Tensilon Provocative Testing: This test is performed in conjunction with esophageal manometry to identify an esophageal cause of noncardiac chest pain.
Upper Gastrointestinal Endoscopy: This procedure is used to get a visual of your esophagus, stomach, and duodenum. Once the patient is sedated, the doctor places a long, thin, flexible tube with a camera attached which is maneuvered down the esophagus and into the stomach. The doctor is able to get a more accurate picture of inflammation, stomach contractions, blockages, bezoars and/or undigested food.
Upper GI Series/Barium: For this procedure, the patient is instructed to drink a chalky liquid (Barium) and then must undergo a series of x-rays. This liquid can sometimes highlight undigested food, blockages and tumors.
Wireless Capsule Monitoring/Smart Pill: This is an ingestible electronic device in capsule form that measures pressure, pH level and temperature as it travels through the digestive tract. This information is then sent to a receiver, downloaded and analyzed by a technician. Doctors use this information to evaluate progress through the digestive tract.
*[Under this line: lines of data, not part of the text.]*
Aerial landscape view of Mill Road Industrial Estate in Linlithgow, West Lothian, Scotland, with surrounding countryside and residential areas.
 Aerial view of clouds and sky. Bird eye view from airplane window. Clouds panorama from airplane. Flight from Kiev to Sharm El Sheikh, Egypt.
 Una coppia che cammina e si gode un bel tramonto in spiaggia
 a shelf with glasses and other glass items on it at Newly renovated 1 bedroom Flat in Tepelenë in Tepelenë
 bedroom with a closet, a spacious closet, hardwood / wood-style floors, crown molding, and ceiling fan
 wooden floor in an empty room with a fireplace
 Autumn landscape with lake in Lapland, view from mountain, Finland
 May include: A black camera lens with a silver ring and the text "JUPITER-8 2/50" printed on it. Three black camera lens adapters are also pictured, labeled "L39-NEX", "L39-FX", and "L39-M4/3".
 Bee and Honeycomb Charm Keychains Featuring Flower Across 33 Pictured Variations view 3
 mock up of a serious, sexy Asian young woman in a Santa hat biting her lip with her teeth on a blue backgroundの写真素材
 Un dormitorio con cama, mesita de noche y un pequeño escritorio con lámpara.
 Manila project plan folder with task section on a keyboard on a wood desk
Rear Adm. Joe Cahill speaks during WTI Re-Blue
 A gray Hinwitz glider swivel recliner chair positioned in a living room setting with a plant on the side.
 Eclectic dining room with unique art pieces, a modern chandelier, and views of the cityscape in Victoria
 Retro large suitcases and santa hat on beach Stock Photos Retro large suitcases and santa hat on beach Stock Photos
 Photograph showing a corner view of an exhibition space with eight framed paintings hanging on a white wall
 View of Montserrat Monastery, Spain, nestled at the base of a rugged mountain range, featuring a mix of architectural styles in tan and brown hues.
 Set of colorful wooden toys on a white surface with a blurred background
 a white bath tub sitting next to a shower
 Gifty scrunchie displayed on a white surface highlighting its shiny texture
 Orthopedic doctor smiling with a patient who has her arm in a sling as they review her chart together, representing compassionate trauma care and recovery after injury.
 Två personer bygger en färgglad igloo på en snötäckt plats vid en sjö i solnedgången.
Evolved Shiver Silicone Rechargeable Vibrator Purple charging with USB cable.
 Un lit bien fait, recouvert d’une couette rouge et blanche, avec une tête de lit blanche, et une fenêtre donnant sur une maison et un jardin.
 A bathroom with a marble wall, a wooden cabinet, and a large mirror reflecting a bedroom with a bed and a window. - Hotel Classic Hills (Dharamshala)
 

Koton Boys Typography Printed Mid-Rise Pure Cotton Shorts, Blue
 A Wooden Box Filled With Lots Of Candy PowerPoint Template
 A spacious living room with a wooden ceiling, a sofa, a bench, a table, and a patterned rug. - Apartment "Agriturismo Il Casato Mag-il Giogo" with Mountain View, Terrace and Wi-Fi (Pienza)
Wireless pH Test: The wireless pH test is used to monitor reflux activity within a 48-hour period. During the test, the physician will perform an endoscopy to place a small chip in the lower esophagus. The chip records the level of acid activity at the site and transmits the information to a wireless device that you wear around a belt. The recording device is sent to your physician, who downloads the data to determine your reflux activity.